Gaga's second studio album Born This Way (2011) released the music video for the eponymous lead single, in which she gives birth to a new race. The music video won the Best Female Video and Best Video with a Social Message awards at the 2011 MTV Video Music Awards. In the following video, "Judas", she portrays Mary Magdalene, and Norman Reedus plays the title role. The video for "The Edge of Glory" consists mostly of interchanging shots of Gaga dancing and singing on the street and was considered the simplest of her career. In the same year, she released "You and I", which focuses on her trying to get her boyfriend back in Nebraska. She also introduces her male alter ego Jo Calderone in the video. Gaga directed her 14-minute video for the final single "Marry the Night", which narrates her story to find success in the music industry, but she ultimately suffers setback.

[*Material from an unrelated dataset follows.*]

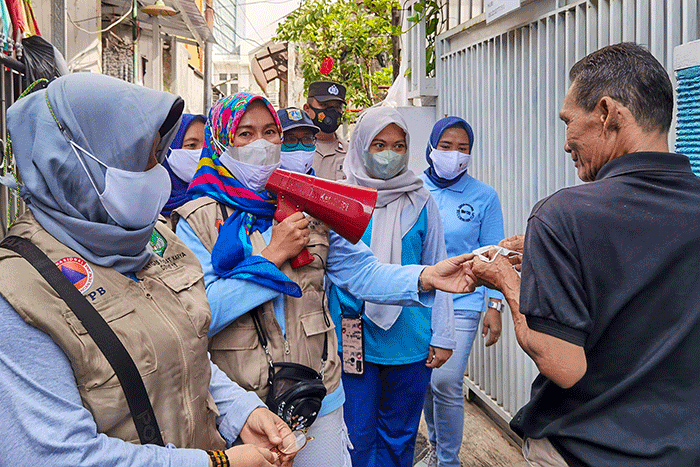 Para ibu-ibu PKK bersama petugas saat mensosialisasikan protokol kesehatan mencegah penyebaran virus Omicron kepada warga Kelurahan Slipi.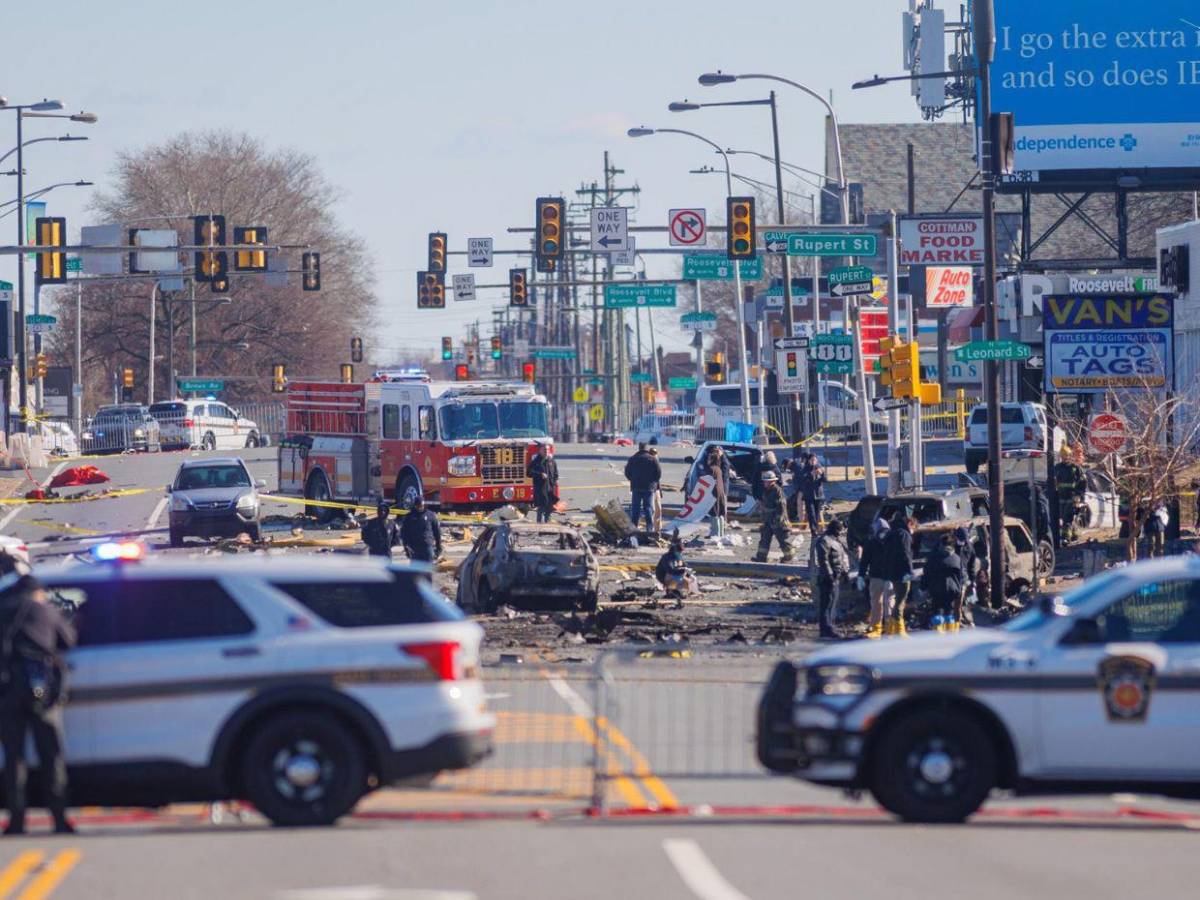Las impactantes imágenes de la zona dónde cayó avión en Filadelfia; suma 7 muertos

In 2013, Gaga released her third album Artpop, with "Applause" as its lead single, whose music video includes artistic and complex scenes. The 11-minute video for "G.U.Y." was filmed at the Hearst Castle, and features cameos from Andy Cohen and The Real Housewives of Beverly Hills stars. In 2014, Gaga released a jazz album with Tony Bennett called Cheek to Cheek, which generated four studio videos showing the album's recording process. In 2015, she released the music video for "Til It Happens to You", a song about campus rape in the United States. Her fifth studio album, Joanne, was released in 2016, and the music video for its lead single, "Perfect Illusion", was shot in the desert with a story that continues in her subsequent videos "Million Reasons", "John Wayne", and "Joanne". Gaga's sixth studio album Chromatica (2020) spawned the music video for the lead single "Stupid Love", followed by "Rain on Me", which features Ariana Grande. She also released a short film for "911", which focuses on a variety of surreal hallucination she has after getting involved in a serious car accident. As part of Love for Sales (2021) promotion, Gaga and Bennett released many studio videos shot during recording sessions of each song.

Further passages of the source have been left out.